Il modo di raccontare la beffa di Chester (e i suoi epigoni) riflette anche questo mutamento. A inizio Novecento l’idea di 500 gatti affogati in un fiume non era più vista come un divertente episodio di cronaca, ma come un’inutile crudeltà. Il lessico dei giornali si adeguò. Le cronache moderne preferivano soffermarsi sulla credulità umana e prendere in giro l’ingenuità di coloro che ci erano cascati. Questi erano spesso descritti come poveri e ignoranti, che vivevano ai margini della società. Particolare attenzione era data al sesso degli ingannati (si solito donne) e all’età (anziane signore senza molti mezzi). Esemplare, ad esempio, questa cronaca comparsa su un giornale di Dundee e ambientata in una città non meglio precisata degli Stati Uniti:
[Un] giovane gentiluomo si presentò come un industriale del Nord nel settore delle pellicce e delle corde di violino, affermando di voler stipulare contratti per l’acquisto di gatti a un prezzo allettante. Una quarantina di negri abboccò all'amo, e perlustrò subito il paese in cerca di felini. La mattina dopo ciascuno di loro si presentò con una borsa di gatti, ma ovviamente il committente non si “materializzò". I negri dovettero sbarazzarsi dei gatti, tuttavia, e il contenuto dei sacchi fu svuotato per le strade. (A cat hoax, Dundee Courier, 18 gennaio 1889)

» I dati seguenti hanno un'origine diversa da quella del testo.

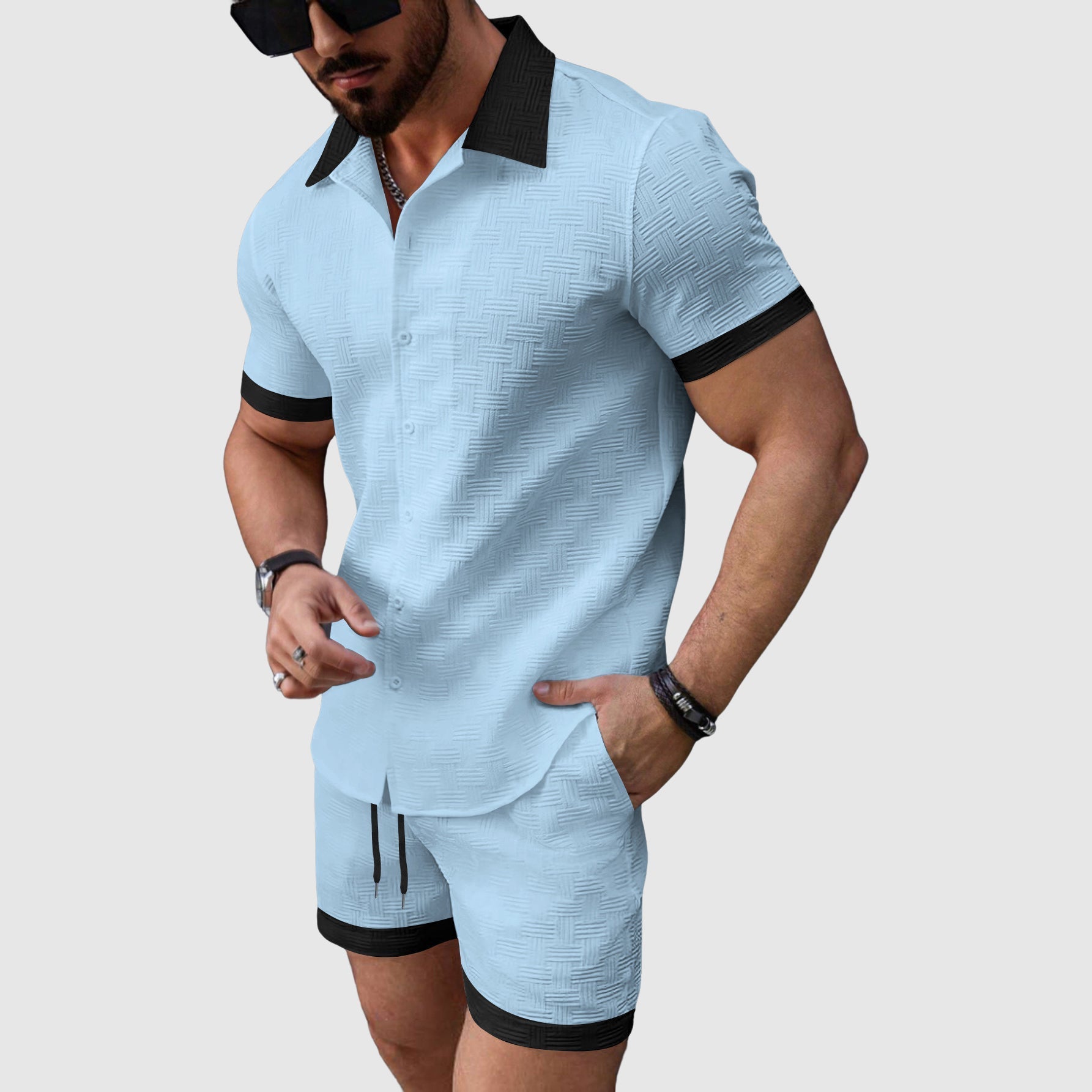 Lorenzo Vitali cotton blend sport leisure set breathable short-sleeve shirt relaxed shorts summer comfort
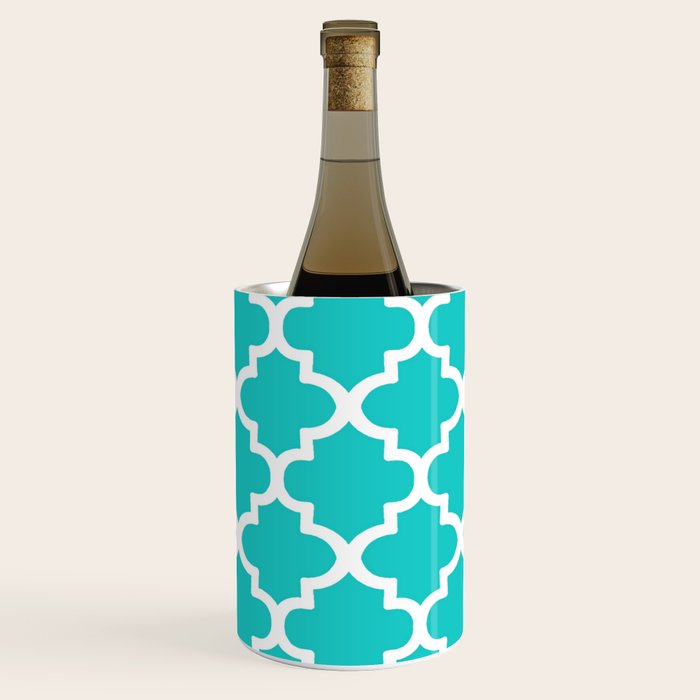 Quatrefoil Pattern In Sky Blue Decorative Moroccan Pattern Wine Chiller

Non si sa se questo episodio sia realmente accaduto, ma il tono di scherno verso i neri è evidente. In altri casi, come abbiamo visto, si può invece essere ragionevolmente sicuri che gli scherzi avvennero sul serio. Smith ne ha trovato tracce fino al 1955 (anche con cani, a sostituire i gatti): un’incredibile longevità, per beffe di questo tipo. Si trattava di riproposizioni locali della burla di Chester, perpetrate tramite la distribuzione di volantini o la pubblicazione di avvisi sui giornali. In quest’ultimo caso, l’inganno funzionava per una ragione: nei settimanali dell’epoca, a volte, trovavano posto annunci assai più strani. In tutti questi casi, i giornali ne approfittavano ancora una volta per puntare il dito verso i poveri o verso segmenti di società marginalizzati: se la storia di Chester scherniva l'ingenuità dei “cugini irlandesi”, quelle più recenti prendevano in giro i nullatenenti, le donne o gli afroamericani.
Conclude Smith:
La bufala [dei gatti] rivela il potere dell’invenzione giornalistica. Se non è una novità il fatto che storie false siano sempre circolate e che il Diciannovesimo secolo ebbe la sua bella quota di false notizie mascherate da verità, si può aggiungere che la stampa popolare ebbe il potere di trasformare la finzione in realtà. Nel far circolare quella che dapprima era una bufala riconosciuta, la graduale trasformazione [della vicenda] in un presunto fatto storico generò l'idea che la beffa non fosse solo realizzabile, ma anche divertente.
Fenomeni di emulazione per una storiella mai avvenuta, ma ritenuta da tutti autentica: una caratteristica tipica di molte leggende metropolitane.